El hiato hasta el siguiente título de la lista es de casi veinte años. Me lleva hasta Beau Geste (1939, William Wellman), primero de los varios hitos de la aventura que contiene la lista (todos ellos distintos entre sí, lo que constata la versatilidad de este género). En este caso, el genial planteamiento se basa, como en Nosferatu, en la paradoja, en el juego de contrarios: un canto a la aventura en su concepto más idealista y noble, desarrollado sin embargo en el contexto más sombrío y siniestro. Solo la apertura del film (el hallazgo de ese fuerte aislado en el desierto poblado por cadáveres de soldados acodados en las almenas como si estuvieran protegiéndolo desde la muerte) le garantiza un puesto de honor. Acto seguido saltamos a un melodrama, Niebla en el pasado (1942, Mervyn LeRoy), impregnado casi hasta la asfixia por elementos muy pintureros en el puro estilo del Hollywood más estelar y más irreal, cuya alambicada trama, sin embargo, se plasma con admirable contención a partir de uno de los motores argumentales ante los que nunca he podido pasar de largo sin pararme a ver de qué va la historia que lo incluye, el de la amnesia (y pensar que no he incluido Recuerda, el film que me llevó a Hitchcock…). Como es natural, el elemento que sublima todos los demás y les otorga la atmósfera necesaria, es el puro romanticismo, pues la trama gira en torno a una pregunta fundamental: ¿recordará el protagonista que la abnegada secretaria que hace años que trabaja para él fue su amada esposa, a la que instintivamente anhela sin saber que la tiene al lado? Por supuesto, el final es maravilloso, por la bella contención con que contesta ese interrogante.

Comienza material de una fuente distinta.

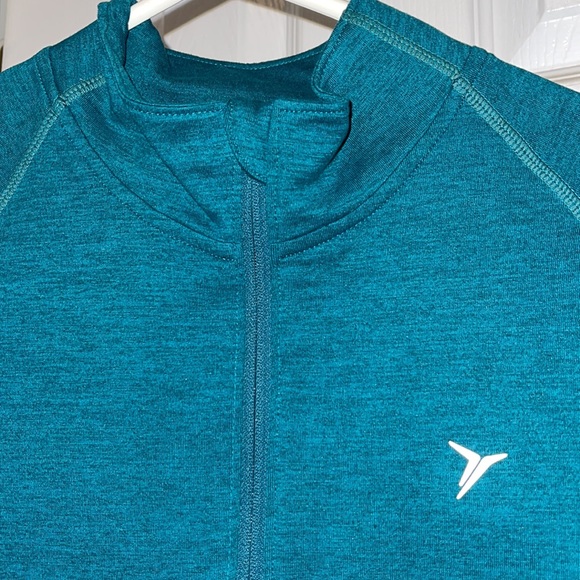 Old Navy Active pullover. - Picture 4 of 6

En el momento en que descubrí ¡Qué bello es vivir! (1946, Frank Capra), en alguna sesión navideña de mi infancia, este film se convirtió en mi primera película favorita, posición de la que tardaría muchos años en desalojarla. Todavía hoy siguen asombrándome la perfección de su construcción argumental y narrativa —creo que si no se ha hecho un remake directo (encubierto, hay muchos) de este film es porque el metraje se iría a las cuatro horas— y la facilidad con que sus claves emocionales desarman todas mis defensas: esta reivindicación de la anulación personal al servicio de los demás, así como de la vida sencilla, está en las antípodas de mis propias convicciones, y aun así, mientras la contemplo (y será de las películas que más veces habré visto en mi vida), no puede sino conmoverme profundamente.

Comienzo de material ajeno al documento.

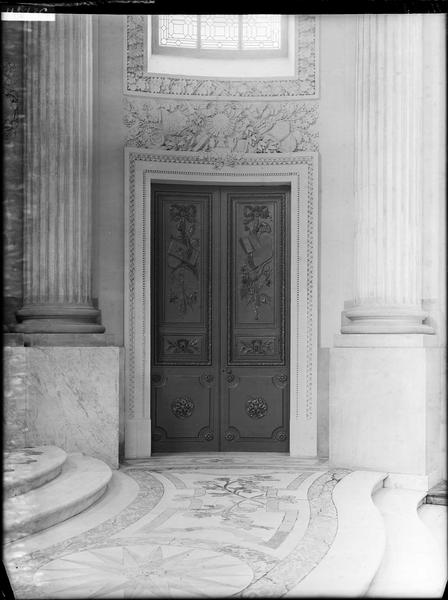 Intérieur de la chapelle, revers de la porte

Tres clásicos de diferente género vienen a continuación, vinculados por un matiz que los enriquece e incluso complementa entre sí, de nuevo el romanticismo (no confundirlo nunca con sentimentalismo: el primero enriquece cualquier historia; el segundo, por lo común la trivializa). El fantasma y la señora Muir (1947, Joseph L. Mankiewicz) es una fábula fantástica trabada a partir de la relación entre dos personajes inolvidables, una viuda de apariencia frágil pero enérgica personalidad y el fantasma del lobo de mar que se enamora irremisiblemente de ella. Retorno al pasado (1947, Jacques Tourneur) es el film noir más bello jamás realizado, pues nadie como su gran director para traducir mejor (con la colaboración imprescindible del gesto a la vez firme y resignado de Robert Mitchum) ese concepto resbaladizo y fascinador (en la ficción y solo en la ficción, claro) que es el fatalismo. Por último, Carta de una desconocida (1948, Max Ophüls) es un melodrama de sentimientos en estado puro que versa, precisamente, sobre la triste discordancia entre el amor puro y sin condiciones que siente una «mujer sin importancia» hacia un pianista sin corazón, al que, de modo inolvidable, el director redime en el plano final con tan solo un gesto por parte del actor, que quienes adoran este film evocarán bien.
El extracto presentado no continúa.